Une pluie imaginaire se superpose aux premières photographies jusqu’aux éclaircis le long de la rue murée à Shirogane. Les nuages sont encore insistants mais se désagrègent petit à petit alors que je rejoins la rivière bétonnée de Shibuya. La pluie superposée sur l’immeuble de béton de la première photographie lui donne une étrange apparence argentée que j’aime beaucoup. Cette composition photographique me ramène avec une certaine nostalgie des années en arrière, lorsque j’avais créé une série sur les éléments naturels. Cette série, créée d’Août à Octobre 2010, était composée de 5 éléments: 雪へ (À la neige), 雲へ (Aux nuages), 風へ (Au vent), 海へ (À la mer) et 雨へ (À la pluie). Elle voyait différents buildings dans Tokyo confrontés à ces éléments naturels comme à des épreuves. J’avais ensuite regroupé cette série dans le photobook « In Shadows » publié en Février 2011. Cette série dans son intégralité et le dernier épisode sur la pluie étaient un peu particuliers car ils avaient suscité une attente de la part de certains visiteurs, concrétisés dans les commentaires, à laquelle j’avais essayé de répondre. C’est peut être l’unique fois où ce genre de demande s’est produite. La première photographie de ce billet, elle, pourrait bien faire partie de 雨へ (À la pluie). Il faut absolument que je reprenne ce genre de séries métaphoriques.
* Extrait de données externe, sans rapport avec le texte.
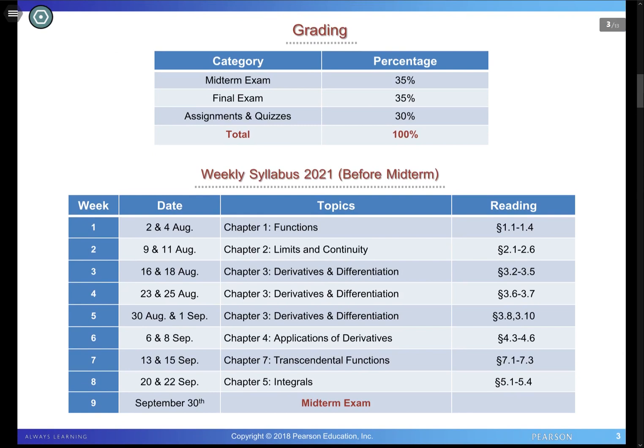For grading: 70% comes from exams — 35% from the midterm exam and 35% from the final exam, so both are equally weighted. The remaining 30% comes from assignments and quizzes. These assignment points are a cushion in case you don't do well on the exams, so they can still help your grade. Try to submit your homework and do not miss it — this is going to affect your grade.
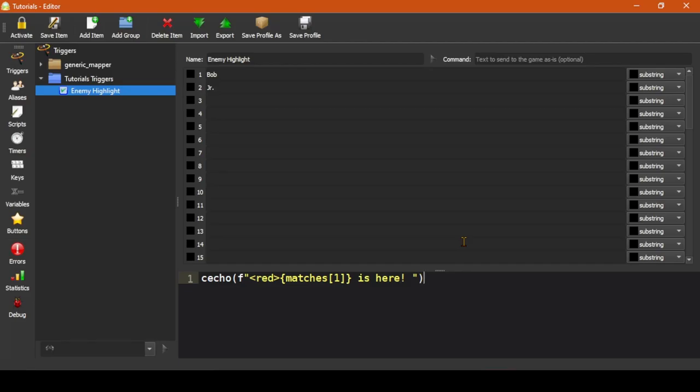Also, triggers are checked against the line as it came in from your game originally. Modifying the line via cecho as we did earlier will not change how any later triggers match. We could not make a trigger to match the Bob is here text we added in our example, for instance, as it's only added to the display.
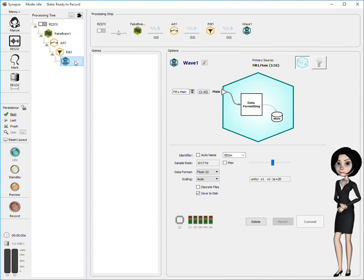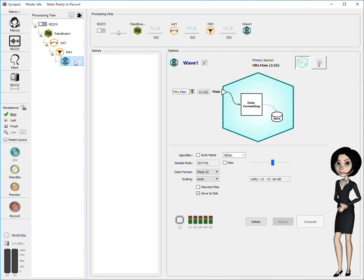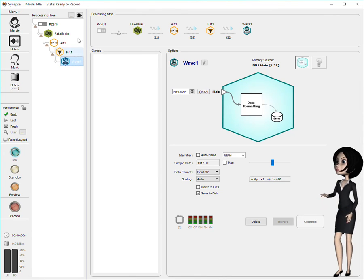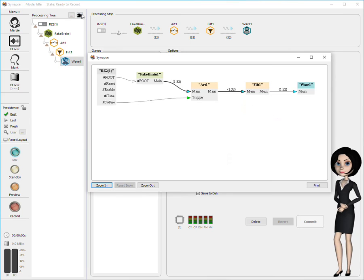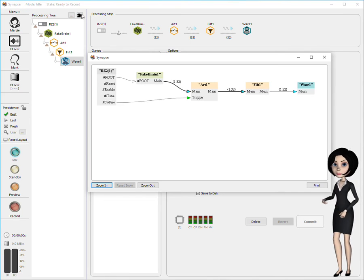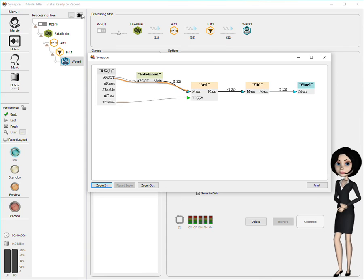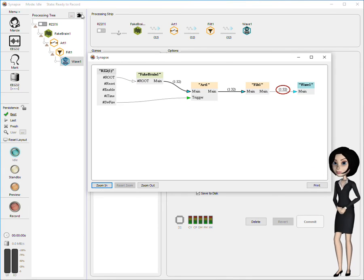Synapse has a third very nice way to look at all connections between the components of your experiment. At the top of the processing tree, click the puzzle piece button to show this additional view. The connections diagram shows both the primary and secondary signal connections within an experiment. Additionally, this diagram depicts signal types and signal channel counts. More on that in another demo.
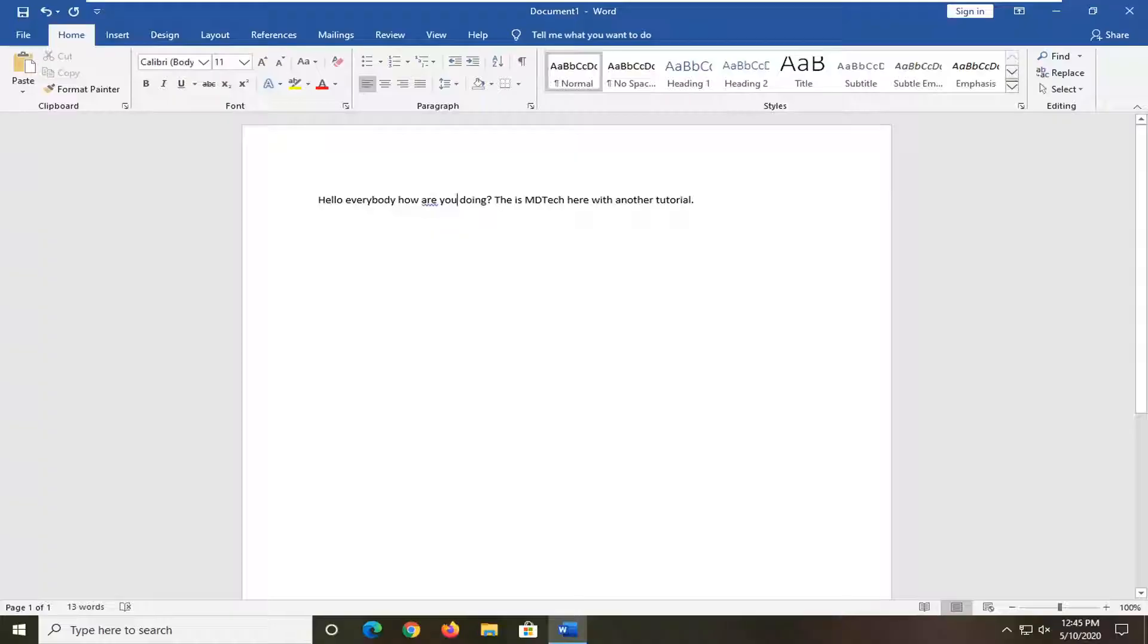In today's tutorial, I'll show you guys how to resolve if you notice that when you're typing it's deleting text you already wrote before. So it's overwriting text that's already on your document.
Un peu plus d’une semaine après la sortie du morceau Lapin Kulta, dont je parlais dans un précédent billet, le groupe post-punk Ms.Machine sort un nouveau morceau le 1er Mai intitulé Nordlig Ängel (ange du Nord) sur YouTube. En fait, il ne s’agit apparemment pas d’un nouveau morceau, car il est déjà disponible sur un mystérieux troisième EP qui n’est malheureusement pas encore disponible sur iTunes ou Bandcamp (les deux seules plateformes que j’utilise pour acheter de la musique). Je me contente donc d’écouter ce nouveau morceau sur YouTube. J’aime beaucoup l’ambiance du morceau dès les premières notes formant une nappe de synthétiseur sombre et inquiétante. On retrouve bien sûr la voix grave et monocorde de SAI et un déchaînement de guitares bruyantes accompagnées d’un martèlement de batterie. Il se dégage une émotion poignante de cette association de sons puissants et de cette voix qui semble à la fois inattaquable et fragile. Suite à l’écoute de ce morceau, je me suis remis à écouter l’album Turn on the bright lights d’Interpol, pour les paroles et la voix au bord de craquage de Paul Banks, surtout les morceaux Obstacle 1, PDA, Obstacle 2 et Stella was a driver and she was always down. Il n’y a pas de ressemblance particulière entre la musique d’Interpol et celle de ce morceau de Ms.Machine, mais mon envie musicale me fait faire cette association inconsciemment. Il y a certainement quelque chose dans le ton de la voix et l’émotion qui s’en dégage. Pour continuer avec les évocations, la vidéo de Nordlig Ängel dans son esthétique générale me fait penser à un univers Lynchien. Les forêts de Nagano où ont été tournées les scènes de la vidéo doivent certainement me rappeler les forêts pleines de mystères qu’on voyait dans la série Twin Peaks. Pour continuer avec le son du groupe, j’écoute aussi dans la foulée le morceau Vår dont il n’existe, à ma connaissance du moins, qu’une version en concert.